The hype and stir were caused not only by the magic of John Neumeier’s name and to the top level of his danseurs but also by the aptly compiled program. Besides choreographies on the symphonies by Gustav Mahler, Hamburg artistes also brought Nijinsky. And the power of this artiste’s tragic destiny always excites a great interest, regardless of the number of books published and the number of plays staged about this extraordinary personality.
John Neumeier’s version is a declaration of love for the legend. His Nijinsky is both a genius conquering creativity highs and an absolute infant, helpless and sensitive. And though madness is the key leitmotif, pathological deviations are the least concern for Neumeier.
Our world steadily going mad is a subject worthy of the most prominent contemporary choreographer. It’s quite natural that through this prism the hero’s personality is elevated to unattainable highs. Nijinsky in the eponymous ballet is an absolute value. Everything else is relative and phantasmal, like visions, dreams or biographical events, dashingly sinking into oblivion.
Vaslaw Nijinsky (Alexander Ryabko) starts dancing and a modest narrative grows into an epic of his fate.

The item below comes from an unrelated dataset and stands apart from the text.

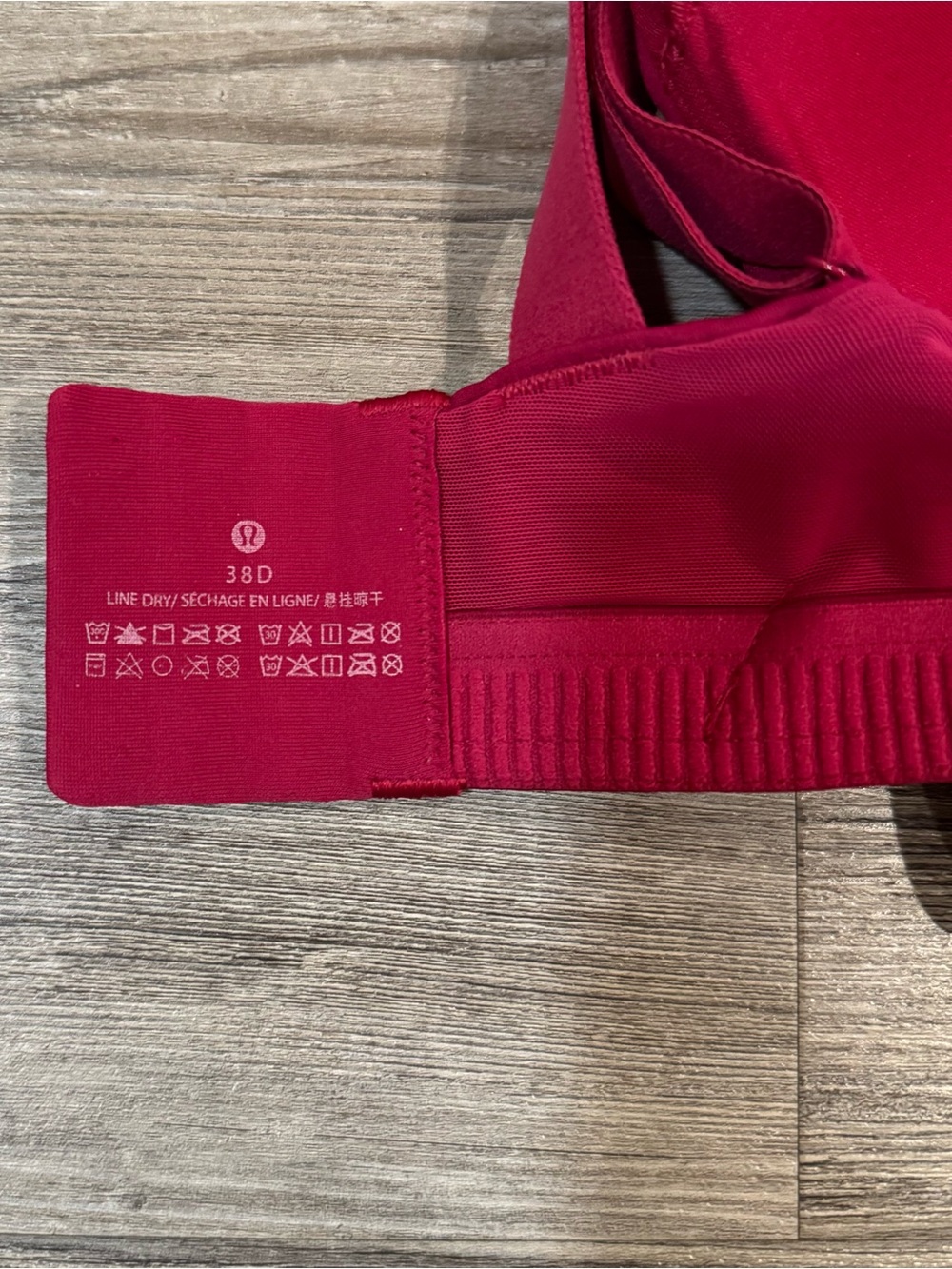 lululemon Energy High Support Crisscross 38D Sports Bra - Magenta/Pink - Picture 4 of 4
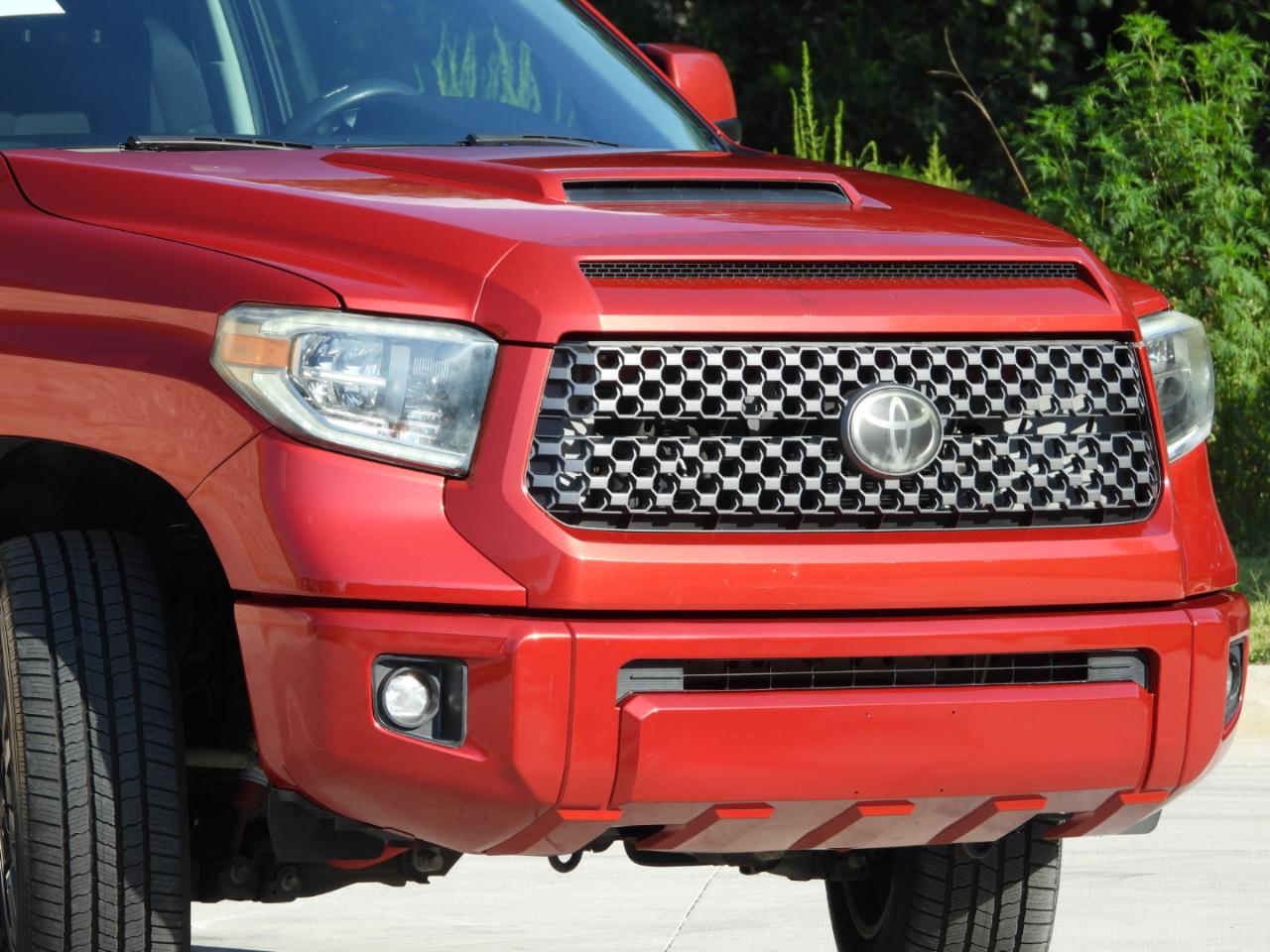 Toyota Tundra SR5 5.7L V8 CrewMax 2WD 2018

In the whirligig of recollections there seems to be no distinction between theatre and reality. Shahrazad by Rimsky-Korsakov whips up ubiquitous agitation. The sharp runs and edgy leaps of corps de ballet crowds rushing to and fro create the impression of several rehearsals going on at one time. Fluttering around the danseur is Harlequin, Rose Specter, Golden Slave…
The parts are the actor’s look-alikes, materialized moods, emotions and desires, whereas his colleagues, loved ones, friends and enemies often seem to be characters from a tangled libretto. The most fantastic one is the great promoter Sergey Diaghilev. Charismatic Ivan Urban creates the image of a black magician, overbearing and baleful. Neumeier emphasizes the danseur’s dependence on his mentor. In the erotic duets gutta-percha Nijinsky is subdued by rock-like magnificent Diaghilev, the archon of Nijinsky’s body and soul.
This Diaghilev somewhat resembles the juggler from Punchinello, pardoning some and chastising others. He moves from one side-scene to another, dropping veneer shields with lordly gestures. Down go now the haywire theatricals, and now the screens vainly struggling to hide something.
Unlike the mystic Diaghilev, Nijinsky’s wife Romola does not quite fit into the libretto. Anna Polikarpova is so sincere in rendering the elated heartthrob and sacrificial long-suffering of this woman that you cannot but believe not only in her real existence, but also in her virtuous role in Nijinsky’s life (and nobody is willing to guess what happened in reality).
The choreographer plays by contrasts, alternating the norm with madness, tongue tie with eloquence. The second action is powerfully supported by Shostakovich’s Eleventh Symphony. Called The Year 1905, it narrates on the terrible historic cataclysms as the stage is occasionally penetrated by wild ranks of danseurs in gray overcoats but with bare legs, as a symbol of the revolution’s carouse and debauch.
The crowd now spits out the Demoniac girl from Seasons – the Colors of Time, now Punchinello doomed to perpetual protest, and now a vapid small body (Nijinsky’s older brother Stanislaw, recklessly acted by Alex Martinez epitomizes madness in Neumeier’s ballet). Nijinsky assumes all cataclysms of humanity – crimson and black widths devour the hero in the finale, like two rivers of the dreadful times.
Meanwhile it is far more exciting to watch the meditations of Faunus or the fragility of Punchinello as they melt into sophisticated plastic moves devised by John Neumeier, than to follow the varieties of fortune that befall the solitary genius or all of mankind. The choreographer, lavishly using the quotes and reminiscences from The Russian Seasons, sets up a direct link to his creative origins.